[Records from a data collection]
--- --- ---

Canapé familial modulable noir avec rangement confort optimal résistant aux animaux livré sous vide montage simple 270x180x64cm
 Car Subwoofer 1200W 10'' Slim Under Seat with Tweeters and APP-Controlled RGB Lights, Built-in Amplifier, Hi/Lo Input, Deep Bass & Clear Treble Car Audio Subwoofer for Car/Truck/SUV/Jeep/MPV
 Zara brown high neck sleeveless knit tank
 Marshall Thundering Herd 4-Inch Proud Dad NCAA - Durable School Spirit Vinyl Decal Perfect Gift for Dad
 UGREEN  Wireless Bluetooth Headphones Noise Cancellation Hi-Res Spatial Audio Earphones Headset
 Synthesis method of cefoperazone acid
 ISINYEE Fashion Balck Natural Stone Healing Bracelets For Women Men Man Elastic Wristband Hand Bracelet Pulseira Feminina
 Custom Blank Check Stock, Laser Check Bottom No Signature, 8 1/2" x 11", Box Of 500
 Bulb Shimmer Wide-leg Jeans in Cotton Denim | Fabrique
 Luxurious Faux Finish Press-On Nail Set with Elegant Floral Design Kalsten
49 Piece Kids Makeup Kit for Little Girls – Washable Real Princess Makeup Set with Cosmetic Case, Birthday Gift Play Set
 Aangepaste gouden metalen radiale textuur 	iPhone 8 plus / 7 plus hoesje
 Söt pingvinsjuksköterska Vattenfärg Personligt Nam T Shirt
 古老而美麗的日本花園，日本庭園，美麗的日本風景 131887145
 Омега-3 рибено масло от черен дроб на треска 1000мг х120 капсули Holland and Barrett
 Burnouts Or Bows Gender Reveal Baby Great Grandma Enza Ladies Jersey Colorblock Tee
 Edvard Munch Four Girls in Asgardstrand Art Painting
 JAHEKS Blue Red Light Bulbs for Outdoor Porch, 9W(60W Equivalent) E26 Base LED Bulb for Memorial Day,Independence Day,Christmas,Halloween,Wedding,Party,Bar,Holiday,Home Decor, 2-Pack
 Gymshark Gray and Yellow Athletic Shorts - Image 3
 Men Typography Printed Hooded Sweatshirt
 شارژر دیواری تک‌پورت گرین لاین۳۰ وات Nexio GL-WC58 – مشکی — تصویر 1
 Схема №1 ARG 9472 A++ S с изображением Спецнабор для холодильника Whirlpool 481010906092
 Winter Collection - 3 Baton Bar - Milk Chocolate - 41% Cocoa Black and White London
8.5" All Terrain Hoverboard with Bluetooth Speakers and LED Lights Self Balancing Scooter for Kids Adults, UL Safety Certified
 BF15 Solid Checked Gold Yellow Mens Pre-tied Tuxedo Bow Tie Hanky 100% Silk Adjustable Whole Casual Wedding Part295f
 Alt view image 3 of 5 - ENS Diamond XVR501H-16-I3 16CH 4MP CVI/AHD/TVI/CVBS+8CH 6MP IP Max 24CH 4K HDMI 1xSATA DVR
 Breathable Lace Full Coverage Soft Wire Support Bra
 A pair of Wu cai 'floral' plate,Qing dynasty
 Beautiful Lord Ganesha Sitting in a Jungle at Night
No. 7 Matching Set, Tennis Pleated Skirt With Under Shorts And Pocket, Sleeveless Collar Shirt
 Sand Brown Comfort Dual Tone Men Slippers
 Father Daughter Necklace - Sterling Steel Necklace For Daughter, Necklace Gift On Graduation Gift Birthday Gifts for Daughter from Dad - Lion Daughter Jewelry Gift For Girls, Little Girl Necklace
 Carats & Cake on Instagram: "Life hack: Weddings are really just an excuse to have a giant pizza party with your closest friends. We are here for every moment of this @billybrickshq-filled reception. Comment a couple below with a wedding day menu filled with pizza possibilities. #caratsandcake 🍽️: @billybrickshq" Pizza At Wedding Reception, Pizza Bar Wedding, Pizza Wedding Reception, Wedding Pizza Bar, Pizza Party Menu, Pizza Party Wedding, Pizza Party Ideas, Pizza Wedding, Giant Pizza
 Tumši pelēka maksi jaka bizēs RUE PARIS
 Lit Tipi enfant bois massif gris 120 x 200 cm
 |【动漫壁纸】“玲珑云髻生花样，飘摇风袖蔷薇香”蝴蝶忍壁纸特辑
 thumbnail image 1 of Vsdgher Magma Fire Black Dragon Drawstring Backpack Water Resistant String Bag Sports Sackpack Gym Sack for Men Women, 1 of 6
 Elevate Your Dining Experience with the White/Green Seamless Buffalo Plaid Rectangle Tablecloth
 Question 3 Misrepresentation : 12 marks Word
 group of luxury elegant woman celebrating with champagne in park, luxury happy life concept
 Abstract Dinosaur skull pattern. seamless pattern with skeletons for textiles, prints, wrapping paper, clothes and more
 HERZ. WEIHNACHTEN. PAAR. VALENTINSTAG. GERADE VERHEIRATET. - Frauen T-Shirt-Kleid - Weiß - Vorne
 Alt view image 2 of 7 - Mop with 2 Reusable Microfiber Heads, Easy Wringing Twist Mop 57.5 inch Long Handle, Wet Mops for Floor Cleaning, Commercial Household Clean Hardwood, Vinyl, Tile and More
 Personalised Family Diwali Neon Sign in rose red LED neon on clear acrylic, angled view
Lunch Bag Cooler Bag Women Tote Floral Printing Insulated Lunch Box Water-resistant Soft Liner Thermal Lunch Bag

--- --- ---

The lines running from the start of the data through the one that contains "Luxurious Faux Finish" should be reproduced exactly, and only those.

**RESPONSE BOX**.
Canapé familial modulable noir avec rangement confort optimal résistant aux animaux livré sous vide montage simple 270x180x64cm
 Car Subwoofer 1200W 10'' Slim Under Seat with Tweeters and APP-Controlled RGB Lights, Built-in Amplifier, Hi/Lo Input, Deep Bass & Clear Treble Car Audio Subwoofer for Car/Truck/SUV/Jeep/MPV
 Zara brown high neck sleeveless knit tank
 Marshall Thundering Herd 4-Inch Proud Dad NCAA - Durable School Spirit Vinyl Decal Perfect Gift for Dad
 UGREEN  Wireless Bluetooth Headphones Noise Cancellation Hi-Res Spatial Audio Earphones Headset
 Synthesis method of cefoperazone acid
 ISINYEE Fashion Balck Natural Stone Healing Bracelets For Women Men Man Elastic Wristband Hand Bracelet Pulseira Feminina
 Custom Blank Check Stock, Laser Check Bottom No Signature, 8 1/2" x 11", Box Of 500
 Bulb Shimmer Wide-leg Jeans in Cotton Denim | Fabrique
 Luxurious Faux Finish Press-On Nail Set with Elegant Floral Design Kalsten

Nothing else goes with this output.